В этой комнате у окон стояли высокие ветвистые фикусы, а в широком, между окнами, простенке висела карта мира. Все страны на этой карте были разного цвета. Германия, например, — тёмно-коричневого. Италия — сиреневого. Испания розового…
Фашисты уже наступали вовсю. Они захватывали город за городом, а наши, как передавали по радио, наши отступали с тяжёлыми потерями…
Каждый вечер дед, вернувшись с судоремонтного завода и отогревшись, подходил к этой самой разноцветной карте и смотрел на неё, изучая, словно какой-нибудь полководец…
Вся линия фронта, где наступали фашисты, была на карте утыкана флажками.

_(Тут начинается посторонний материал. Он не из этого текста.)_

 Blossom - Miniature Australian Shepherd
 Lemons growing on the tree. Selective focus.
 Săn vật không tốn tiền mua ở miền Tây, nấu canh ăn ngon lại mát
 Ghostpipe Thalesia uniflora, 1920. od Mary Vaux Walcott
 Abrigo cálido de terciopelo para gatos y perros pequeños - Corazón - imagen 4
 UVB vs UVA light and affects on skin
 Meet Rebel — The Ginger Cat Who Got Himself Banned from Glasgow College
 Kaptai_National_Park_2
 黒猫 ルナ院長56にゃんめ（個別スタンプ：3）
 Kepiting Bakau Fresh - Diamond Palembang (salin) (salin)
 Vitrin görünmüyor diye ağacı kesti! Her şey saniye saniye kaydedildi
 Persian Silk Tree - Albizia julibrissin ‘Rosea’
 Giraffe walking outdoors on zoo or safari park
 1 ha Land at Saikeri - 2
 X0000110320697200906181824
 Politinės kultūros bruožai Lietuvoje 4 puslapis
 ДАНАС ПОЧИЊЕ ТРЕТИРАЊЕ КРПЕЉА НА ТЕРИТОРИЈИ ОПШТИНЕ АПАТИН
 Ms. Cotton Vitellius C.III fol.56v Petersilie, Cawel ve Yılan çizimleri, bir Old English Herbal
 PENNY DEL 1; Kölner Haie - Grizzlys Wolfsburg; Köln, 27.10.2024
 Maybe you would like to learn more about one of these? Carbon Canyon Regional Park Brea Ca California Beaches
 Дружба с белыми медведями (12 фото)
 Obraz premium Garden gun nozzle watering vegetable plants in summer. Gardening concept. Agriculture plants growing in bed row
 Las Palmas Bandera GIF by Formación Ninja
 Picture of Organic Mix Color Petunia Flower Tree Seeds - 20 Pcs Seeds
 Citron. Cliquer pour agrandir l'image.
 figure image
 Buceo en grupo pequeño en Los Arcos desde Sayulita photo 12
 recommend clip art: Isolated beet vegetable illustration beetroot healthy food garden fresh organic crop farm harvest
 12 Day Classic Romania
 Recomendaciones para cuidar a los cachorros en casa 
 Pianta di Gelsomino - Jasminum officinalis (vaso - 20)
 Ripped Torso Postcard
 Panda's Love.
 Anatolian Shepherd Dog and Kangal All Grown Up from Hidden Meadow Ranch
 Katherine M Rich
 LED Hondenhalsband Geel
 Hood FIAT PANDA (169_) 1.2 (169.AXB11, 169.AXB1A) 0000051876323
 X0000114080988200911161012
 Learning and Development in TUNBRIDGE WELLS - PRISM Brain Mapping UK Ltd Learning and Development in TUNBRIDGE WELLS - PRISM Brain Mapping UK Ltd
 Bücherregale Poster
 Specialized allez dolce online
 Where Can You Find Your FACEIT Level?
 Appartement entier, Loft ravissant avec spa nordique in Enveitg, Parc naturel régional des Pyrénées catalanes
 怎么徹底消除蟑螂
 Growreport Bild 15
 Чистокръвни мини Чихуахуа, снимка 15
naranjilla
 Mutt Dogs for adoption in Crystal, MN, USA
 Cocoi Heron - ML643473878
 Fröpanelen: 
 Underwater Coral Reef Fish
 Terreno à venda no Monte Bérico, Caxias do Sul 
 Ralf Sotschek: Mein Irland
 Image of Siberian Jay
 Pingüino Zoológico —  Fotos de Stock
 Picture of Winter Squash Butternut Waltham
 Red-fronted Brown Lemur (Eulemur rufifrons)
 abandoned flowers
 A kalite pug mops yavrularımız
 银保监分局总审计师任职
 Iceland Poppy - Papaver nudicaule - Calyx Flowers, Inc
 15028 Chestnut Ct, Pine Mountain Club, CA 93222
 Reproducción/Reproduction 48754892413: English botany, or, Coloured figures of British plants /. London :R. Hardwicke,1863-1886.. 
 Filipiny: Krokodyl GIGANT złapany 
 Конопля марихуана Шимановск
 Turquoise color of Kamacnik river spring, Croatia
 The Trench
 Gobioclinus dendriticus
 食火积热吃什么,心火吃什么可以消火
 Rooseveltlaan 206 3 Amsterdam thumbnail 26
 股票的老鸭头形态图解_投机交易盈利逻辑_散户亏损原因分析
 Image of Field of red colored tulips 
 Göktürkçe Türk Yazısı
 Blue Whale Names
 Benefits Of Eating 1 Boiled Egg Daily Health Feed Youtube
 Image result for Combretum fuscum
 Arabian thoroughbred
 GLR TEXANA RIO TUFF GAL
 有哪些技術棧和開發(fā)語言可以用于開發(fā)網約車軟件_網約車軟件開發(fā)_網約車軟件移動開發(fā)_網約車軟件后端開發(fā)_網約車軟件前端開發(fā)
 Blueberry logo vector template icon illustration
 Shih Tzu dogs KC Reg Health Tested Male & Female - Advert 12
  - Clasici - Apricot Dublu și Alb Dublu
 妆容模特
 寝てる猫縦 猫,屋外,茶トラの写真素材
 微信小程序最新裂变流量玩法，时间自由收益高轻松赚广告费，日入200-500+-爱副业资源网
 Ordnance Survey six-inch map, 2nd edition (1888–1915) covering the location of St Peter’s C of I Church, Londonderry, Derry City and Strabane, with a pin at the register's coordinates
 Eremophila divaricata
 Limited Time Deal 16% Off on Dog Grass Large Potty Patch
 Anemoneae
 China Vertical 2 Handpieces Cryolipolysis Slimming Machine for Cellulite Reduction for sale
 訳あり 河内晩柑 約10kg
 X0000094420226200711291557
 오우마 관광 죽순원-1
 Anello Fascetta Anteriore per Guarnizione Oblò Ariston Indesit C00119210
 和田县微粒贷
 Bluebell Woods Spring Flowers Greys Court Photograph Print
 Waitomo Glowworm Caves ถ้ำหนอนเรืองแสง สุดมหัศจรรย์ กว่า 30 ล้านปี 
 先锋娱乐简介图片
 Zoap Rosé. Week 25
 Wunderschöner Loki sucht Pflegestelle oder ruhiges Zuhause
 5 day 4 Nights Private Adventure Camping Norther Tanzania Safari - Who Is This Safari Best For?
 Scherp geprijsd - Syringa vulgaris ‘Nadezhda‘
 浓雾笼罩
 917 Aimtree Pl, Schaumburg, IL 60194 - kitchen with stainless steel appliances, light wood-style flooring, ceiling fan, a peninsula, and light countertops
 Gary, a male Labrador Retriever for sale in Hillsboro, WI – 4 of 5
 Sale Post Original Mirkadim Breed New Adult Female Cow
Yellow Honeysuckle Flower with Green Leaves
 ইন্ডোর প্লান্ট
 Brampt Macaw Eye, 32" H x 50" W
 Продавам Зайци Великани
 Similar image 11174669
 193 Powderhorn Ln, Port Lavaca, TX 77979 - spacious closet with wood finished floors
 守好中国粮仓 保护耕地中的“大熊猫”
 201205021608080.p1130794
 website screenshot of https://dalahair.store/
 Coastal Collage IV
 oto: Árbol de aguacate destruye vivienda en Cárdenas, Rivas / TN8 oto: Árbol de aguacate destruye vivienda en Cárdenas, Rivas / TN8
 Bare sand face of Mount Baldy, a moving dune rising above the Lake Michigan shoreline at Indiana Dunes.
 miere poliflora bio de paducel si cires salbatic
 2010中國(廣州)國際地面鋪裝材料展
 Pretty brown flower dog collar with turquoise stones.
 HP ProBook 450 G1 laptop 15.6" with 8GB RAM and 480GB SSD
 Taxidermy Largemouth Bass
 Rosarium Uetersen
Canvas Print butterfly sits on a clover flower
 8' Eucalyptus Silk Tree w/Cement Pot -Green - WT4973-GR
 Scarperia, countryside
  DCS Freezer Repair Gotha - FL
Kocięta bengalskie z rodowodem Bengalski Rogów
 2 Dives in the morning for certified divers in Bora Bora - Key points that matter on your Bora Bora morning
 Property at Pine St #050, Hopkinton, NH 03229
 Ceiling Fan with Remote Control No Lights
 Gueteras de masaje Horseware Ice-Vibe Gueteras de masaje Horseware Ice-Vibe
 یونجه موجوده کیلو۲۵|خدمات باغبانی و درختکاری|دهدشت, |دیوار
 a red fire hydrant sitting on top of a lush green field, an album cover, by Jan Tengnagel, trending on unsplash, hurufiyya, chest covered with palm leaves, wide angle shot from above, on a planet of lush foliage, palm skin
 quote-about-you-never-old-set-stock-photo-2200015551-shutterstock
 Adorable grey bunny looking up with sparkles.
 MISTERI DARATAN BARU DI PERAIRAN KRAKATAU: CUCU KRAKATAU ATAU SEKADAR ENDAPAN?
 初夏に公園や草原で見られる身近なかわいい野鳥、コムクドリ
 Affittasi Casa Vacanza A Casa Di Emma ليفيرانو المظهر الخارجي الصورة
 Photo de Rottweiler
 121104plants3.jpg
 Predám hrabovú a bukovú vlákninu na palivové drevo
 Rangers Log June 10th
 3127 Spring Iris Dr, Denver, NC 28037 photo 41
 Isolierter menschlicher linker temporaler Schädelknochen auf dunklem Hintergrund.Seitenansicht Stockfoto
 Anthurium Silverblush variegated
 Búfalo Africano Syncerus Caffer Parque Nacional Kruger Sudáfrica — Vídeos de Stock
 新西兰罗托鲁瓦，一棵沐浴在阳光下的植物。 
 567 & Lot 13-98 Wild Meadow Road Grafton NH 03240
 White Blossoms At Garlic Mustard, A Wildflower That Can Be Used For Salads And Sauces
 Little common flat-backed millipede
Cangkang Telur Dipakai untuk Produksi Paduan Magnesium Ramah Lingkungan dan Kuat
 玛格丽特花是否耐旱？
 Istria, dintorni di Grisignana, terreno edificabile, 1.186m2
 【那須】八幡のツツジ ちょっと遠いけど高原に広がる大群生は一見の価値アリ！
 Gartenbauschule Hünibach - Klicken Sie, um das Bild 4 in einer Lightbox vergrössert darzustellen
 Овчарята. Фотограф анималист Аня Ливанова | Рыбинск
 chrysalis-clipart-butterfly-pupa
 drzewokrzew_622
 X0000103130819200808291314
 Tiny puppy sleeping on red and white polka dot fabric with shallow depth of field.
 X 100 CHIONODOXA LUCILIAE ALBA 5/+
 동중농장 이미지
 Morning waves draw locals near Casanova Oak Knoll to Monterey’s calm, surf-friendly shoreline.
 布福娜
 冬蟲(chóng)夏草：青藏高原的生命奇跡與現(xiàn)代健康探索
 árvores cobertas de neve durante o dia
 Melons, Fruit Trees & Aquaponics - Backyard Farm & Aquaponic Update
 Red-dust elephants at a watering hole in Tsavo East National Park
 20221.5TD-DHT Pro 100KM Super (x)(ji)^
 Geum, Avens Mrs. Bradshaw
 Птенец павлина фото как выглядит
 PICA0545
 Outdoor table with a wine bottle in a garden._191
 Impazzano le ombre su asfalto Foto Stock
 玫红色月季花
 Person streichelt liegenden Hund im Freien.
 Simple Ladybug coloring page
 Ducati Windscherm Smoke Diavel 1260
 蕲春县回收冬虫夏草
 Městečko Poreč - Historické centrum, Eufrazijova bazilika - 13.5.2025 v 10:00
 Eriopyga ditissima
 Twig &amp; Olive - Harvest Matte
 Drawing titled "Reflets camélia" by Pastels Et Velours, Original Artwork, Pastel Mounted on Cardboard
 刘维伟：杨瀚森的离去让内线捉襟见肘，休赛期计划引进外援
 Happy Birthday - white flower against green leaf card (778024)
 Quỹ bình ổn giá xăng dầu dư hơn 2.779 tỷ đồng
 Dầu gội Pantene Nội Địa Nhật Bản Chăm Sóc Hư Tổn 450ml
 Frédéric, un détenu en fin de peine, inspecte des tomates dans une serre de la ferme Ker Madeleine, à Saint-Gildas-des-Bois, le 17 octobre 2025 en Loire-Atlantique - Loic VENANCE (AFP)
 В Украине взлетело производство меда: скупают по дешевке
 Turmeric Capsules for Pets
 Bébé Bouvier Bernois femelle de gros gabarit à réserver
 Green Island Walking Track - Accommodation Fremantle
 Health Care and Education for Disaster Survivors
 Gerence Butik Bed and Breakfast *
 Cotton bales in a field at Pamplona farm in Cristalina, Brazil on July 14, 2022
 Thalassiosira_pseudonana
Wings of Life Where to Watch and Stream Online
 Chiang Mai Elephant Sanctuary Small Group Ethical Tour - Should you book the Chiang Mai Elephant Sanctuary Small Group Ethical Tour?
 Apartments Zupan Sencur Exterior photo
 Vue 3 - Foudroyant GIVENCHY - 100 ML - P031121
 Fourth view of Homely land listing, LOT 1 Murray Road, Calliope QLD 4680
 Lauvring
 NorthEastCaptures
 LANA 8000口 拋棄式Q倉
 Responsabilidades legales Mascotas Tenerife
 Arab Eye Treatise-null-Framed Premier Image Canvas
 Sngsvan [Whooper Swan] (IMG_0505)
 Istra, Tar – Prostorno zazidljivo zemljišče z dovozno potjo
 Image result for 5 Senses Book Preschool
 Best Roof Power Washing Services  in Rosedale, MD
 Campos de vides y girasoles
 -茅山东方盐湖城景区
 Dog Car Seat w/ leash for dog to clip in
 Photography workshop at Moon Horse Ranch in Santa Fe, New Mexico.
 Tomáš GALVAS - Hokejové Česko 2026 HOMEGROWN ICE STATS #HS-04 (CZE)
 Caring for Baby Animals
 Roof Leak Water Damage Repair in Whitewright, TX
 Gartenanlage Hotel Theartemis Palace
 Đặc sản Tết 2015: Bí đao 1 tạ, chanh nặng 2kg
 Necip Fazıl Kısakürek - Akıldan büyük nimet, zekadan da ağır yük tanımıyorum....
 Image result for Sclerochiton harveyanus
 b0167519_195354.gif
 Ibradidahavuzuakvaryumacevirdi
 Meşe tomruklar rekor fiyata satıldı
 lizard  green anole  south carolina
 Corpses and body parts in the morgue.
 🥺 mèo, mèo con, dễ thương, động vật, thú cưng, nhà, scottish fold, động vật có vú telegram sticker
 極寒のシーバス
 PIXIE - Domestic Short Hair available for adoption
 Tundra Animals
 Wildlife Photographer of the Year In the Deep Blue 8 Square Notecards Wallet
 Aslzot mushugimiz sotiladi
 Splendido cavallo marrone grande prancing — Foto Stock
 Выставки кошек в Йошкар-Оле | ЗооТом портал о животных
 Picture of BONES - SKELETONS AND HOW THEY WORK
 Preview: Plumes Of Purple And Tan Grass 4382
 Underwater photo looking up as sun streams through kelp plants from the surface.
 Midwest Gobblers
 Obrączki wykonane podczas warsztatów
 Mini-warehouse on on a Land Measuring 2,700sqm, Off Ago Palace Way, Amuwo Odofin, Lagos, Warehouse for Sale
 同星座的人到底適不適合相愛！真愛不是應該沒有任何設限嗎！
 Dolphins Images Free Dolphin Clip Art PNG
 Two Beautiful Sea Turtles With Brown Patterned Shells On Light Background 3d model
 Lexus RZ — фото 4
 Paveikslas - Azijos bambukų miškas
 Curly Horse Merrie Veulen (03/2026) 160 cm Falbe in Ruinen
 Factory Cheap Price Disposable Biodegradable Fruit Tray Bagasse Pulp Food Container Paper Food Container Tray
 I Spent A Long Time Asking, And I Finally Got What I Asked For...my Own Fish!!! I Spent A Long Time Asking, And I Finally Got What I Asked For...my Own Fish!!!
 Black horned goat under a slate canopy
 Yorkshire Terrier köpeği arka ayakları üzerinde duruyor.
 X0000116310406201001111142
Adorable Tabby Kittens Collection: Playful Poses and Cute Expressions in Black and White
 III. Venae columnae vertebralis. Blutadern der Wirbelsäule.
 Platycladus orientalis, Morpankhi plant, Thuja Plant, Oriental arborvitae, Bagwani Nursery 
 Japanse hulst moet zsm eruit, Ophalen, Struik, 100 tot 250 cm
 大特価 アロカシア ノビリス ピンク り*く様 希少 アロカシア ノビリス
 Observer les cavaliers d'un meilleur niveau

Дед сделал их из канцелярских булавок и синей бумаги.
Каждый день дед передвигал их к востоку соответственно вечерним сводкам, которые читал Левитан.
— Охо-хо, — говорил дед, брал огрубевшими от металла и мороза пальцами маленький флажок, словно синего мотылька, и втыкал в новое место на карте.
— Охо-хо, — повторял он сокрушённо и качал головой.
А бабушка ничего не говорила, она только взглядывала на карту поверх очков и, быстро-быстро шевеля пальцами, продолжала вязать для дедушки толстые носки из довоенной шерсти.
И я, натянув до носа одеяло, тоже смотрел на карту и думал.
Где-то севернее Москвы воевал мой отец. Он был лётчик, и от него перестали приходить письма. Я не верил, что фашисты могут его убить, он ведь был высокий и сильный. И очень хороший лётчик. А бабушка, наверное, думала о своих детях, которые были в армии и во флоте и воевали на разных фронтах. Их у бабушки было шестеро сыновей, не считая Женьки. Женька был седьмой. Бабушка с дедушкой обзавелись им, можно сказать, на склоне своих дней…
— Ишь ты, — говорил дед, всё ещё разглядывая карту, словно подыскивая какое-нибудь военное решение. — Техникой давит. Точь-в-точь, как в шестнадцатом, в Ирбенском проливе…
В шестнадцатом году дед, по рассказам бабушки, служил на миноносцах и был в самых жарких боях с кайзеровским флотом… Потому-то он и вспомнил про Ирбенский пролив, где они показали немцам.
День за днем флажки все упорнее двигались на восток, и мне казалось, что это полчища врагов со знаменем ползут по нашей карте. Дед больше не вспоминал про Ирбенский пролив. Приходил он совсем усталый. Он чинил и латал корабли, пробитые фашистскими бомбами, и работы становилось всё больше.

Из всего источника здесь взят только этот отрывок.